I know for Tibors they like a Silicon grease with a tiny amount of graphite for the cork drag. This always ends up migrating to the palls and should be used sparingly. I know Ted Jurassic recomended leaving the reel alone for a couple of years then when you do open it up just scrape the grease up from the ceramic gear and put a little on the cork.

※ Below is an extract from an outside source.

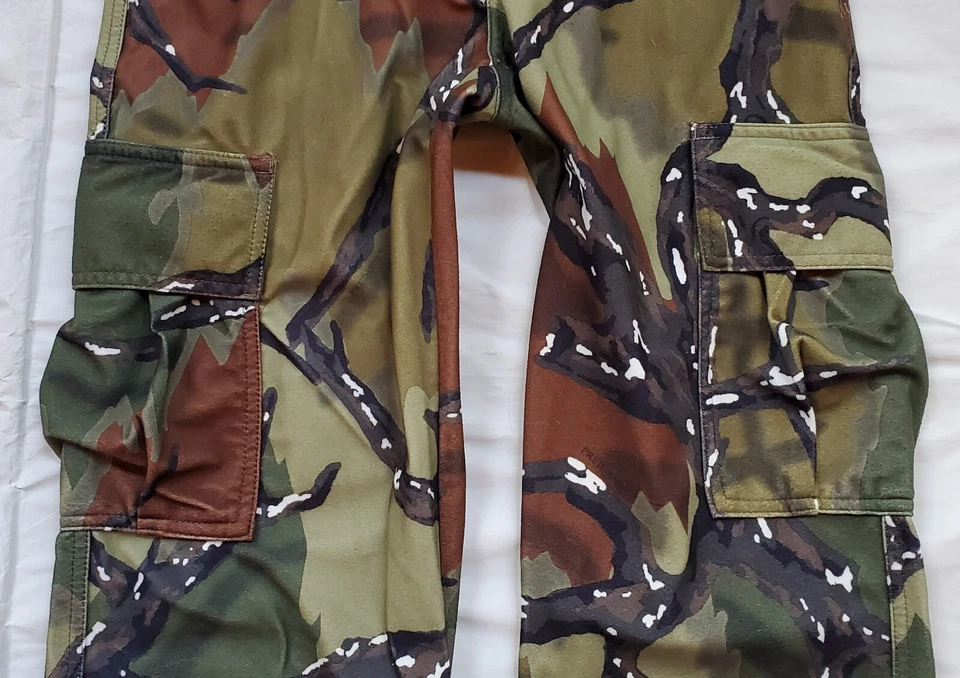 PREDATOR CAMO Hunting CAMO Cargo Polyester Pants SZ 28x32 - Image 4 of 4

Abel likes pure neats foot oil. Others say Trilube. Most recomend not to use WD40 or anything with alot of solvents. Too much of any lube is worse than too little. Keep an eye on the sealed bearings few of them stay sealled forever. First time you see something leaking out of them then get them replaced.


----------



## hamelt (Feb 22, 2008)

Thanks David


----------



## munson (Nov 12, 2005)

yeah i tried kayak fishing for the first time the other day...needless to say the reel spent a little time in the water on several occasions.


----------



## davidb (May 10, 2006)

Kayak fishing is rough on gear. You need bullet proof equipment on one hand, but you don't necessarily want to take your best stuff on the other. Thats why I like the Ross Cimaron and Gunnison for Yak fishing. 

The Abel type reel covers are the best insurance against scratches and they don't hold as much salt as the neoprene ones. Also easy to wash.

Next purchase is one of Dan Blantons rigged & ready rod bags, this can go in the front hatch of the yak when under way.


----------